# What you have to do
Once the pictures are set aside, reproduce the entries below exactly.

------ Records to process ------

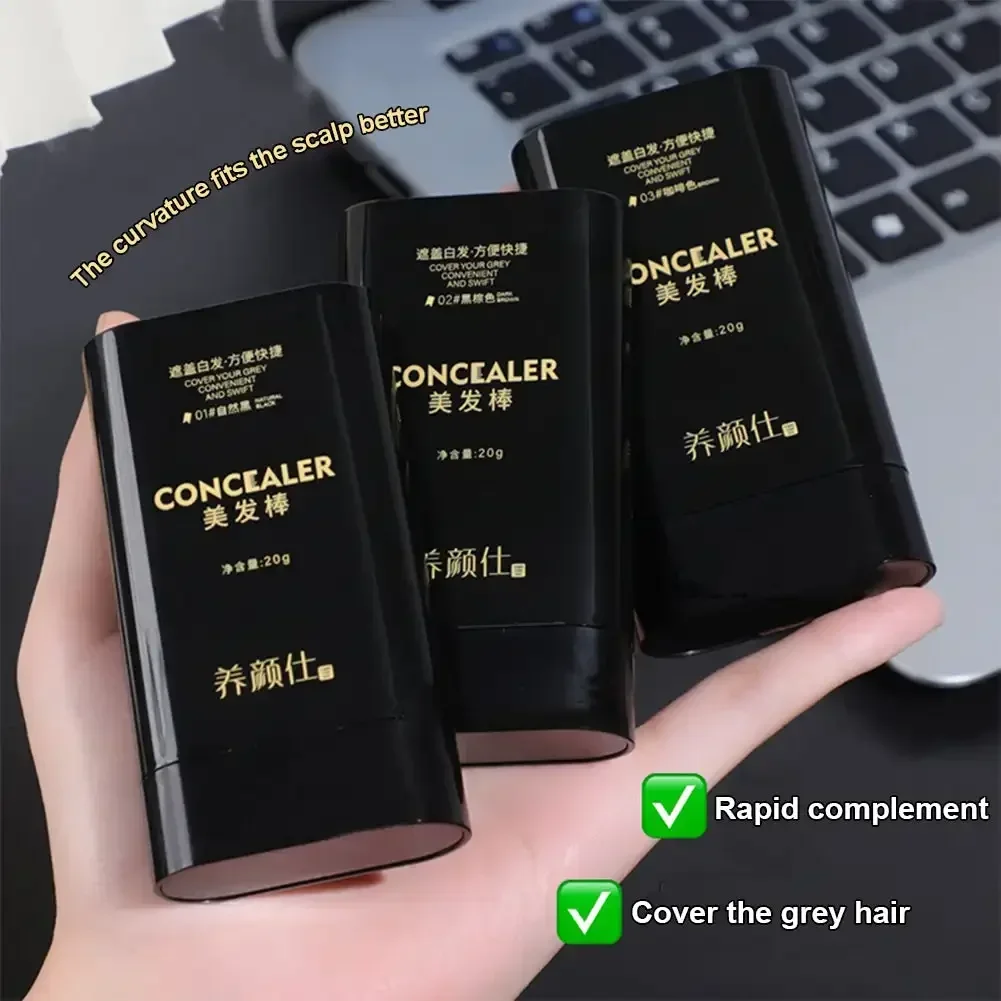 Disposable Hair Color Comb for Temporary Gray Coverage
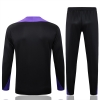 Chandal de Sudadera del Barcelona Nino 25-26 Negro Purpura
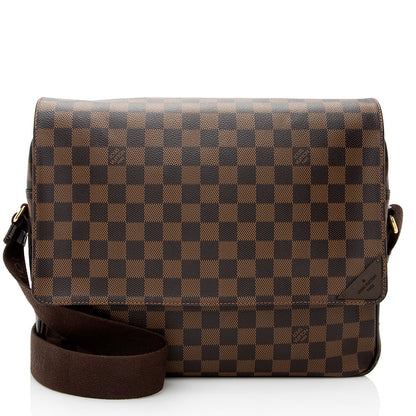 Louis Vuitton Damier Ebene Shelton MM Messenger Bag (SHF-21027)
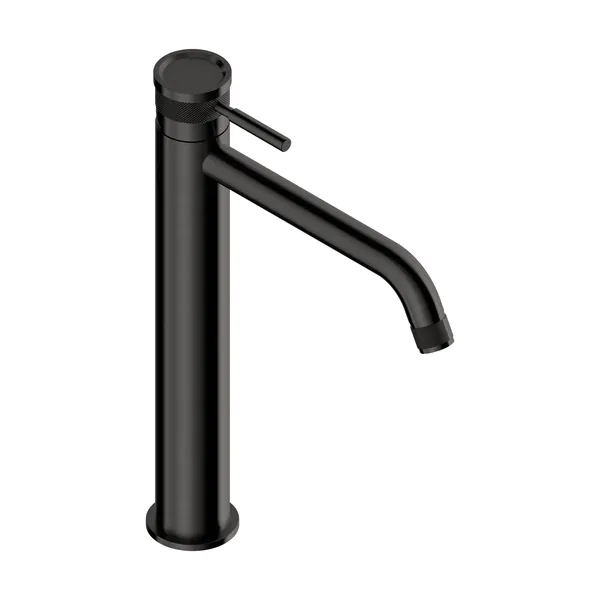 High washbasin mixer in 316L stainless steel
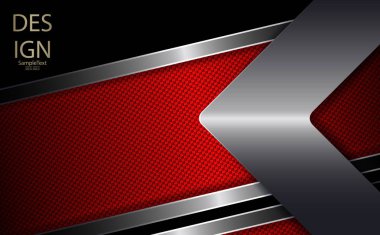 Metal ok ve eğik çerçeveli soyut koyu kırmızı kabartmalı kompozisyon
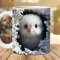 3D Baby Chicken Flowers Mug Wrap, 3D Chick Crack Hole 11oz 15oz Mug Design, 3D Farm Mug Sublimation, Chicken Mug Wrap, 11oz Mug Png.jpg
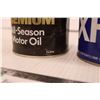 Image 5 : (2) Empty 1L & 1.13L Petro-Canada & Gulf Lube Motor Oil Cans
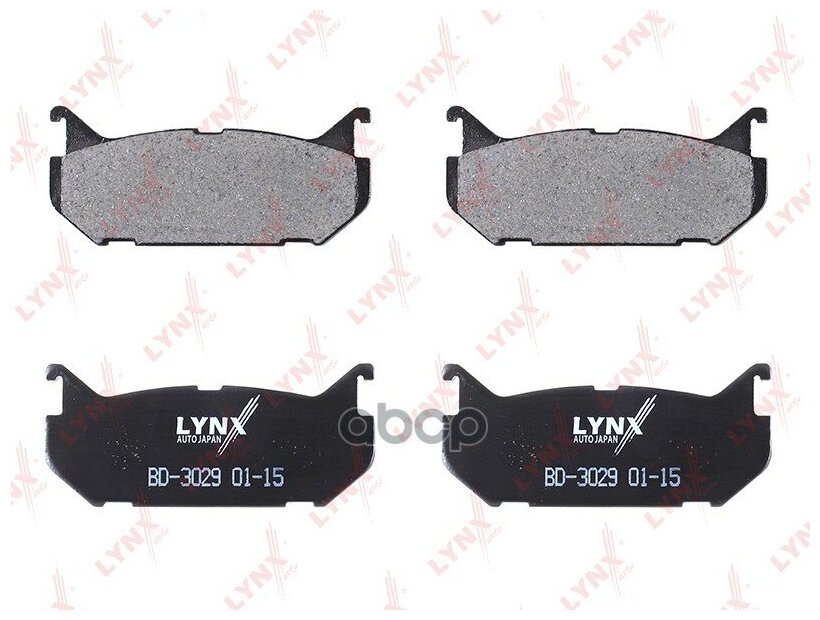 LYNXAUTO bd-3029 (13046059732 / 16194 / 1U062648Z) колодки тормозные задние Mazda (Мазда) 626(ge) 1.8-2.5 92-97 / xedos 6(ca)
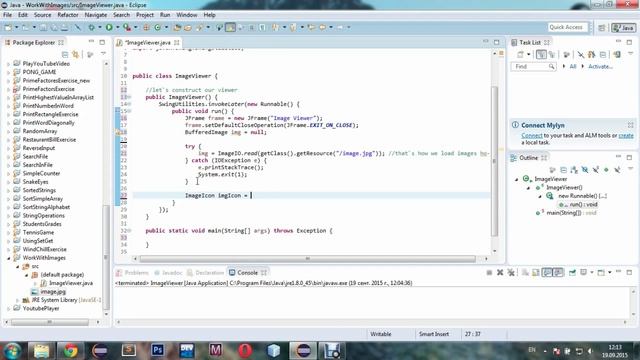 JAVA How to display an image смотреть онлайн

------

# Written reply
 Disposable Hair Color Comb for Temporary Gray Coverage
 Chandal de Sudadera del Barcelona Nino 25-26 Negro Purpura
 Louis Vuitton Damier Ebene Shelton MM Messenger Bag (SHF-21027)
 High washbasin mixer in 316L stainless steel
 Metal ok ve eğik çerçeveli soyut koyu kırmızı kabartmalı kompozisyon
 3D Baby Chicken Flowers Mug Wrap, 3D Chick Crack Hole 11oz 15oz Mug Design, 3D Farm Mug Sublimation, Chicken Mug Wrap, 11oz Mug Png.jpg
 Image 5 : (2) Empty 1L & 1.13L Petro-Canada & Gulf Lube Motor Oil Cans
 LYNXAUTO bd-3029 (13046059732 / 16194 / 1U062648Z) колодки тормозные задние Mazda (Мазда) 626(ge) 1.8-2.5 92-97 / xedos 6(ca)
 JAVA How to display an image смотреть онлайн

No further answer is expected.